MASは政策バンドの傾きを小幅に引き上げると表明。政策バンドの幅と中央値に変更はないとした。

MASが定例見直しを待たずに行動するのは原油価格急落を受けて政策を緩和した2015年1月以来。

OCBCの国債調査・戦略責任者のセレナ・リン氏は今回は傾きが「若干引き締め」られただけとし、4月の追加引き締めを予想した。

前日に発表された12月のコアインフレ率は約8年ぶりの伸びを記録した。

MASは声明で、昨年10月の「予防的」な引き締めを今回強化したと説明。「中期的物価安定の確保に適切」な措置だと評した。

MASは4月に半期に1度の政策見直しを行う。エコノミストの大半は引き締めを決定すると見込んでいる。

シンガポールドルは予想外の動きを受け、対米ドルで1.3425Sドルと、2021年10月以来の高値を付けた。

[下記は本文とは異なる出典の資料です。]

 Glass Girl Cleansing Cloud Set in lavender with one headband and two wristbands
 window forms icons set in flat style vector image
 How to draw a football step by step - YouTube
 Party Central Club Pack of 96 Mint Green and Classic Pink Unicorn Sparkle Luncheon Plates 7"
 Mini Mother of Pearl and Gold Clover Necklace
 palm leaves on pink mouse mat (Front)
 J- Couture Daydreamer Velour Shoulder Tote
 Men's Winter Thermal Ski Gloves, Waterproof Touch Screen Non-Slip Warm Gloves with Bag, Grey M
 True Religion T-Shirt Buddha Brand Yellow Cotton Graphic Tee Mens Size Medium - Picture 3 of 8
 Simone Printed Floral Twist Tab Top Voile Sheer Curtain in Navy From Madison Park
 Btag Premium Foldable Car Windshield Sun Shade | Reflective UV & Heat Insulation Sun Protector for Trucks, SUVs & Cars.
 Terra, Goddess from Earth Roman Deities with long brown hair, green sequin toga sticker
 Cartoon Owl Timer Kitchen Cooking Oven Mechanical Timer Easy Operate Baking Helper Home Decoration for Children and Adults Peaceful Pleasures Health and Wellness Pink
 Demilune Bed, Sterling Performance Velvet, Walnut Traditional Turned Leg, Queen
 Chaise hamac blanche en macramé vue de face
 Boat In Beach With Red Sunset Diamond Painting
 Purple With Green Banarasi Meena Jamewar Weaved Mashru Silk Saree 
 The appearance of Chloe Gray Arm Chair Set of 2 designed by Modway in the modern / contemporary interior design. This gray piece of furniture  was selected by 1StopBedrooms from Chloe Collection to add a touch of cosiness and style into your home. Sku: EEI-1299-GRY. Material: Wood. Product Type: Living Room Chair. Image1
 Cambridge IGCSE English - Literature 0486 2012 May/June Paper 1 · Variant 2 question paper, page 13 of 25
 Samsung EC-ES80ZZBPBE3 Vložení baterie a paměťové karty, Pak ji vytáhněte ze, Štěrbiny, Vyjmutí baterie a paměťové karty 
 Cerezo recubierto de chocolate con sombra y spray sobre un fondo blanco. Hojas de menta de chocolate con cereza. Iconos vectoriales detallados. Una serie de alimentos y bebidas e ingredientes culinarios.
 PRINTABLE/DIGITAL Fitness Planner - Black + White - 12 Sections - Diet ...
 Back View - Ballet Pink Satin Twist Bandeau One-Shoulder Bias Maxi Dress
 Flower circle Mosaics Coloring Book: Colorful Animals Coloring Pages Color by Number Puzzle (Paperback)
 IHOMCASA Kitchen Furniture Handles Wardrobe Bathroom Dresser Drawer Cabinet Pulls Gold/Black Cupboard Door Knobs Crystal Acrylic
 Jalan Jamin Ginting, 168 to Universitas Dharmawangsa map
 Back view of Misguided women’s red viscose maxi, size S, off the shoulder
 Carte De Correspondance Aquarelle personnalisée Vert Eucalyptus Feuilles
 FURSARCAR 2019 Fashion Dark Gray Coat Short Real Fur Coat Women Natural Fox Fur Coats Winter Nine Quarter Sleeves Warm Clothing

MASが新たに示した今年のコアインフレ率の予測は2.0─3.0%と、従来の1.0─2.0%から引き上げた。総合インフレ率の予測も1.5─2.5%から2.5─3.5%に上方修正した。

「供給制約が改善することで、コアインフレ率は上期の高止まりした状態から下期に鈍化する見込みだが、リスクは引き続き上振れに傾いている」との見解を示した。

今年の経済成長率予測は3─5%に据え置いた。

OCBCのリン氏は「22年はシンガポールにとって財政と金融面のダブル引き締めの年になる」と述べた。

シンガポールは2月18日に予算案を発表する予定で、その際に物品・サービス税の引き上げ時期を明らかにする見通しだ。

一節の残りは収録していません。